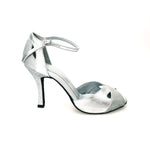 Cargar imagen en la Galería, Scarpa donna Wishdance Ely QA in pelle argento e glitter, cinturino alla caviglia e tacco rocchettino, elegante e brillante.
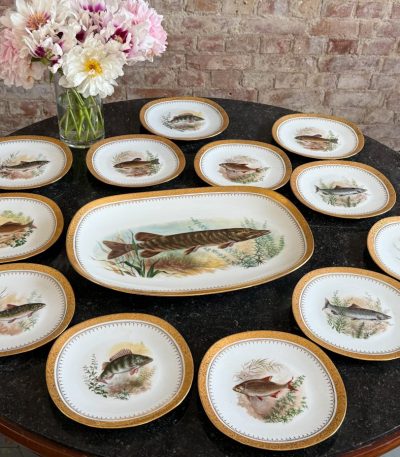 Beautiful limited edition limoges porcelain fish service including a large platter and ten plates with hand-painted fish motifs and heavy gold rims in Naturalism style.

-------------------------

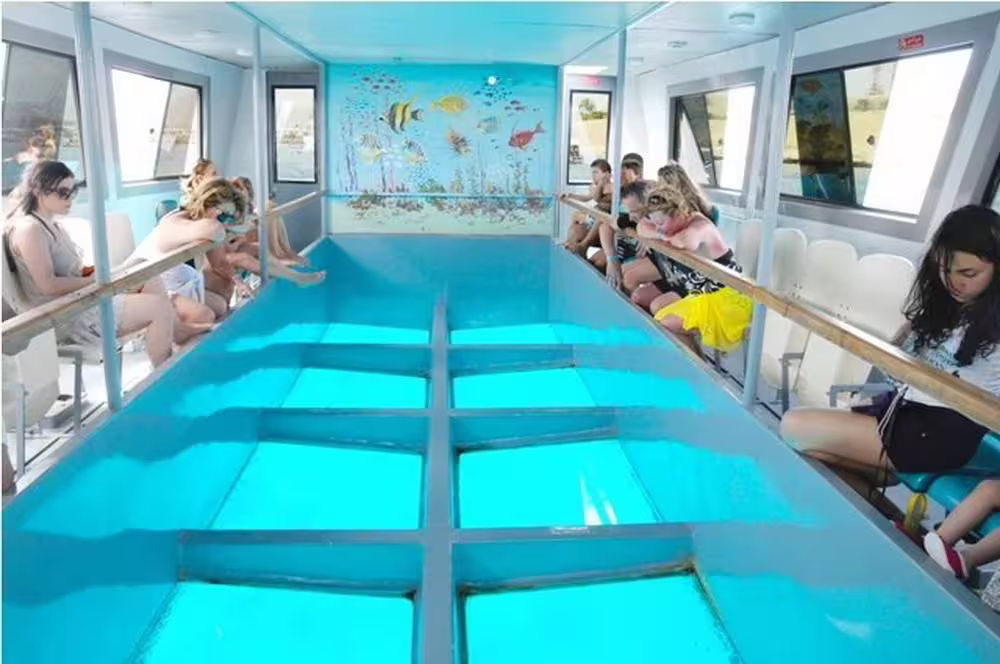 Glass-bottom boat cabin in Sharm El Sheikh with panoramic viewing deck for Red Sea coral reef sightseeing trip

-------------------------

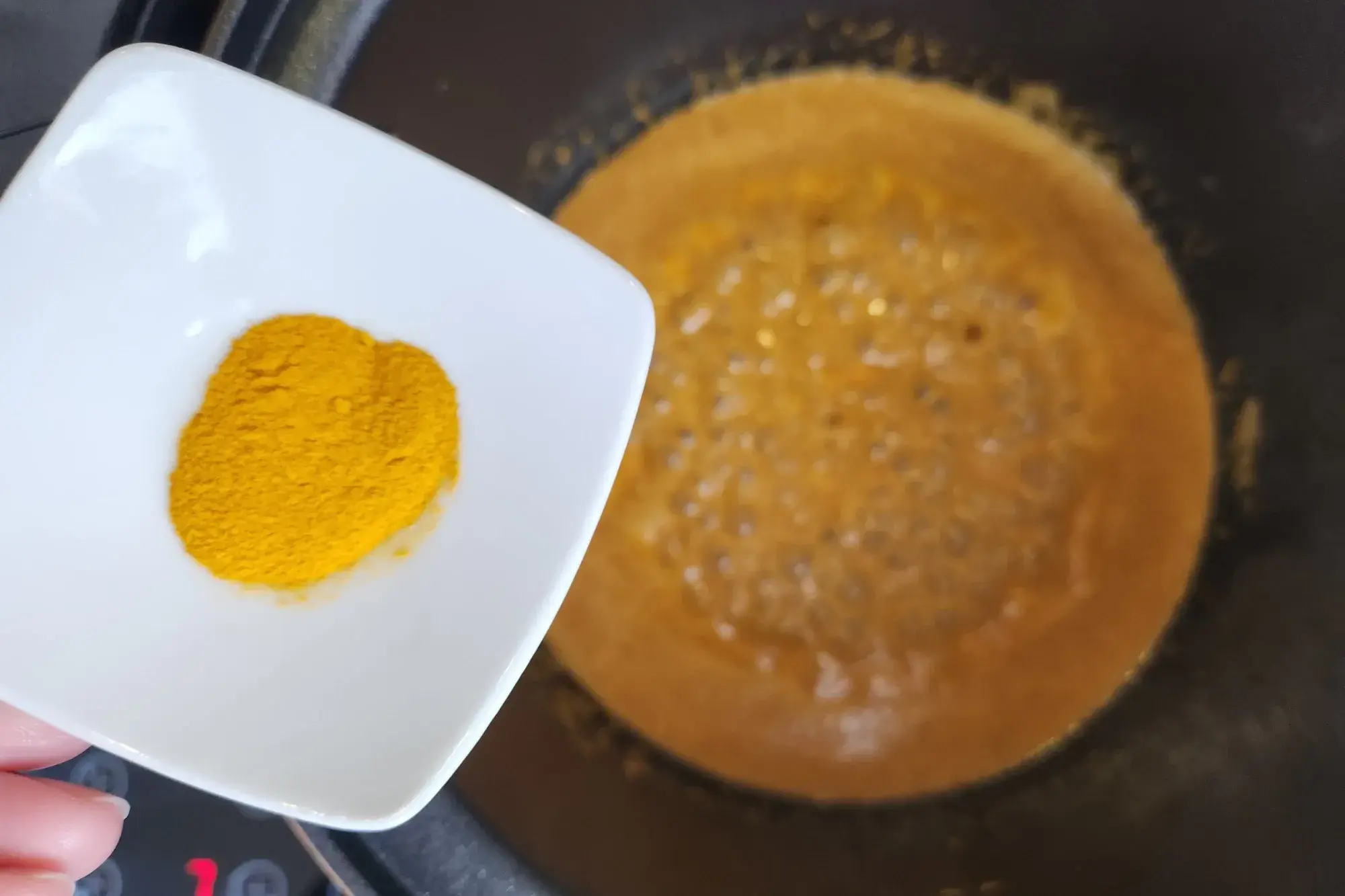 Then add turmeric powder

-------------------------

# Activity
Start with the line above containing "Cargar imagen en" and end with the line containing "Beautiful limited edition". Set down that stretch exactly, without any pictures.

# Problem solution
 Cargar imagen en la Galería, Scarpa donna Wishdance Ely QA in pelle argento e glitter, cinturino alla caviglia e tacco rocchettino, elegante e brillante.
 Beautiful limited edition limoges porcelain fish service including a large platter and ten plates with hand-painted fish motifs and heavy gold rims in Naturalism style.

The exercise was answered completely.